Sure. Yeah, no problem.
Thank you. Please stand by for our next question. Our next question comes from Yi Chen of H.C. Wainwright & Co. Yi? Yi, are you able to speak?
Hello, can you hear me?
Yes. Hello, Yi.
Hi. Sorry. Thank you for taking my question. My first question is, could you give us some additional color on the XIPERE launch, and how should we project the license revenue going forward?
All right, Yi, please repeat.
I was asking that, could you give us some additional color on the XIPERE commercial performance and, how should we project the license revenue going forward?
Okay. Charlie, you wanna take that question?
Sure, yeah. From XIPERE, you know, as we all know, Bausch + Lomb has launched that product. They've been very active, training more than 1,000 retinal specialists in the U.S. to use XIPERE. We've heard had positive feedback, Bausch has, you know, we're not allowed to step ahead of them and talk about their sales. When they're ready to, they will report on it. I can't give you any insight into Bausch's sales, P&L sales. Then from partnering estimates, we don't give out a revenue forecast, you know, but there are some, you know, licensing milestones, nothing major coming up, I would assume, as some of our partners move into different phases in their clinical study. Sorry, but we don't give a forecast on our partners and milestones, regulatory milestones.
Thank you. My second question is, given the trial design of the ODYSSEY trial and your comments on treatment-naive patients, do you think in real world practice long-lasting wet AMD treatment will ever be used on treatment-naive patients?
On treatment- naive. I think with sufficient. It's why we're going to the group that we're going to first other than treatment- naive. I do think that in eventually, as more data is obtained on ours and other products, I do think that its more extended- duration treatment will become more the norm. Obviously, physicians will work based on data, but as that data is accumulated, I think they will. Now, there's a difference between saying they'll use extended- duration and will they extend the duration of patient visits to the physician's office.
I think that I can't really comment on what physician practices would be, but in our estimation, and I think in others' estimation, it's not really going to change significantly the number of times per year a physician wants to see a patient. I think it would with extended- duration as it gets more, as more data is developed, I think it could make a small difference. For example, if patients with wet AMD are being seen monthly, they may go to being seen every other month, and then they may not need to be injected on every visit.
If they're being seen every month and demonstrating stable BCVA and the degree of fluid is holding reasonably stable, maybe they're injected every other visit, so they're being injected four times a year, but only seeing the doctor six times a year but being injected three times a year or two times a year.
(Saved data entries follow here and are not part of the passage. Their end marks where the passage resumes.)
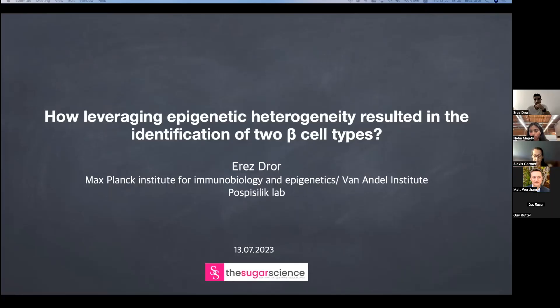Hi everyone. Welcome to Ask the Expert. Today we're very excited to welcome Dr. Eris Dror.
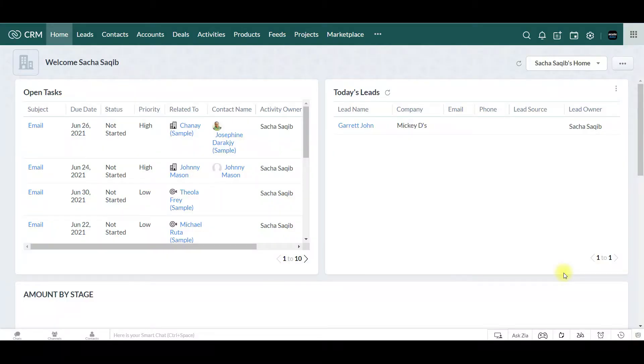Hi, my name is Sasha, I'm from Acute Data Systems, and today I'll be teaching you how to create a deal in your Zoho CRM.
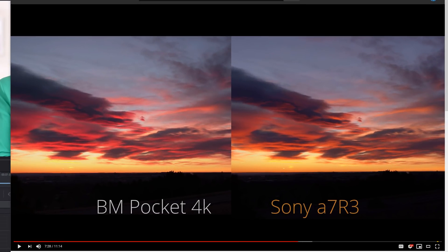Hey everybody, it's Dave Dugdale, LearningVideo.com. A couple months ago I did a comparison between the Blackmagic Pocket Cinema Camera 4K and the Sony a7R III.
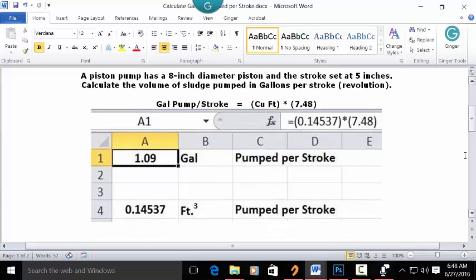Let's look at how this is done in a blank Excel spreadsheet. Open a blank spreadsheet and type 'Pumped Per Stroke' in cell C1. Set it as gallons, and in A1 set whole numbers with two decimals. Make it bold and centered.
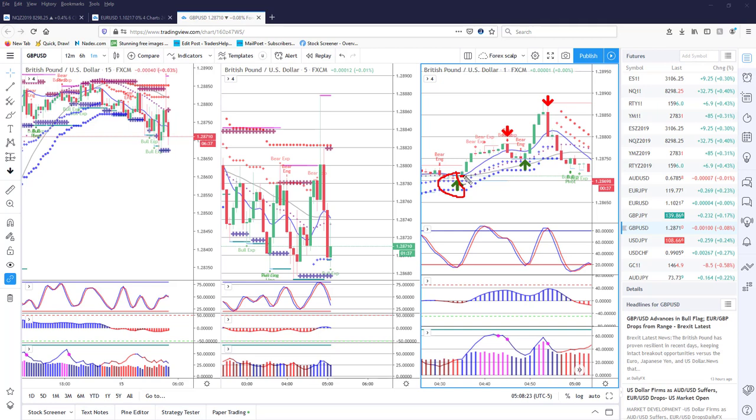That is the setup bar which means I entered at the open of the next bar. In this case we had hidden divergence as this retraced back to there. We were also overextended over here and I believed that it would go up so I used an out of the money binary option.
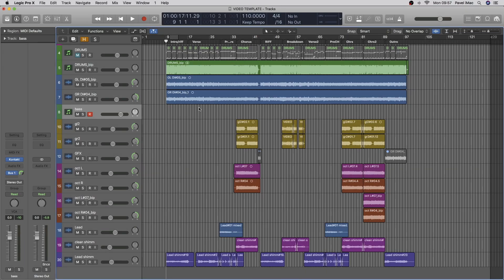Hey everyone, so today we're talking about all things bass. What kind of VST we're using, programming, how we're writing the bass, velocities, humanization, and all of these things.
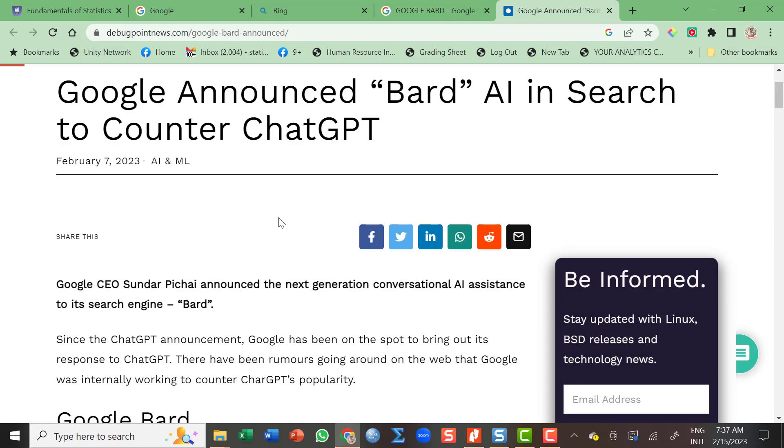Before telling you how you can access Google's AI conversational chatbot called Google BARD, I'd like to introduce myself. This is Professor Vincent Toribongolan.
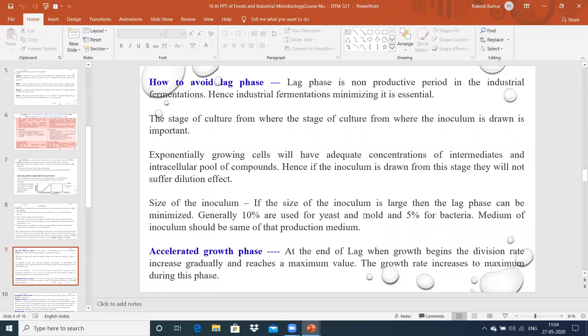Lag phase is a non-productive period in industrial fermentation, so minimizing it is essential. The size of inoculum is very important — if the size is large, lag phase can be minimized. The stage of culture from which inoculum is drawn is also very important. If the inoculum is taken from a culture already in logarithmic phase, the lag phase time period will automatically be reduced.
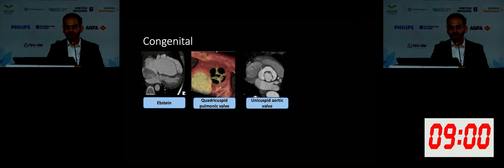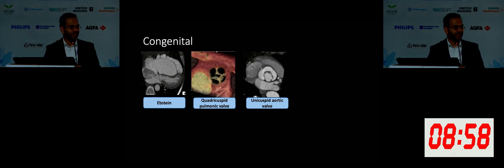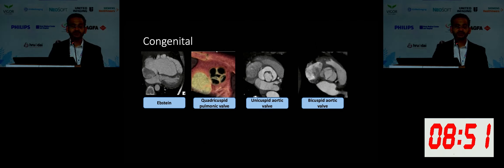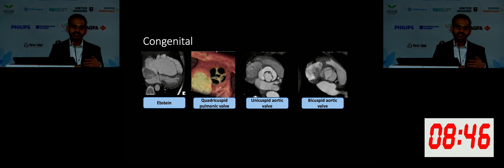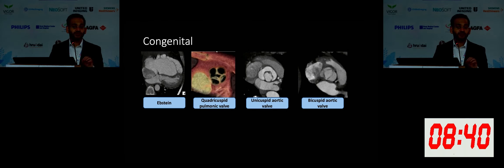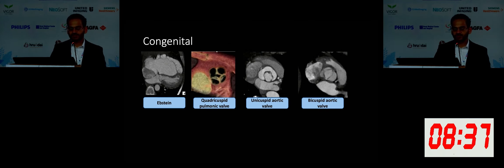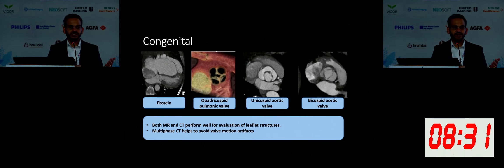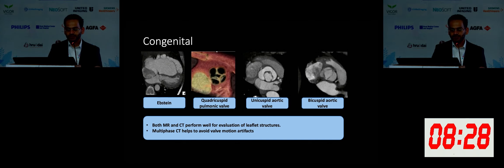Another congenital example is unicuspid aortic valve, where you don't see the normal tricuspid appearance but rather a unicuspid type of appearance. And then you can see bicuspid aortic valve, which is by the way the most common congenital heart disease. For every single coronary CT that we read, we tell the fellows to make a double oblique short-axis view of the valve at that level so you don't miss the bicuspid aortic valve. You're looking to see how many leaflets there are, and note that because the valves are moving, you need more than one phase to reliably assess for that.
I do think it will eventually change the practice. In our conversations with KOLs, they're very excited about seeing durations longer than two months. You can see from the uptake of Vabysmo right now, where it has the opportunity to go to every four months, but not the guarantee, because again, like I said earlier, over half their patients needed to be retreated by three months. There's been a tremendous uptake in Vabysmo with that small incremental gain.
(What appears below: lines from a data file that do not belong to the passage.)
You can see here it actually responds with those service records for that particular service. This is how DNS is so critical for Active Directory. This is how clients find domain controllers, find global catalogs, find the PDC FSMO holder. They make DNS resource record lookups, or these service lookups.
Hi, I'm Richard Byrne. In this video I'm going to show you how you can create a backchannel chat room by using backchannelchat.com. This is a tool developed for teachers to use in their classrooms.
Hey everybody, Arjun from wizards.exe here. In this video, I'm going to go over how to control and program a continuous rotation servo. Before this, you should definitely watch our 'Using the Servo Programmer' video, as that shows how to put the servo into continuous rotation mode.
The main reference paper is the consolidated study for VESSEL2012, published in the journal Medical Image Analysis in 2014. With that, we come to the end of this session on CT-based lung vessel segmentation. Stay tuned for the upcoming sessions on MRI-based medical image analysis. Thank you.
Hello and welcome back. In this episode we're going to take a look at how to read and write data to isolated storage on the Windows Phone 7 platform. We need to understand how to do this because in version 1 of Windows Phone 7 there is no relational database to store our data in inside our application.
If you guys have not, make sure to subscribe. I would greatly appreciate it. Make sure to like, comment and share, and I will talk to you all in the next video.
I think if you were able to show that with very solid data, that you can dose somebody and maintain stable visual acuity and keep the fluid in the retina under control for four to six months with solid data, I think that will change the treatment paradigm eventually in the physician's office.
Thank you.
Thank you. I would now like to turn it back to Dr. Lasezkay for closing remarks.
I wanna thank everyone for joining us this morning on the call. We appreciate your continued interest in Clearside, and we look forward to updating you on our progress. Operator, you may now disconnect. Thank you.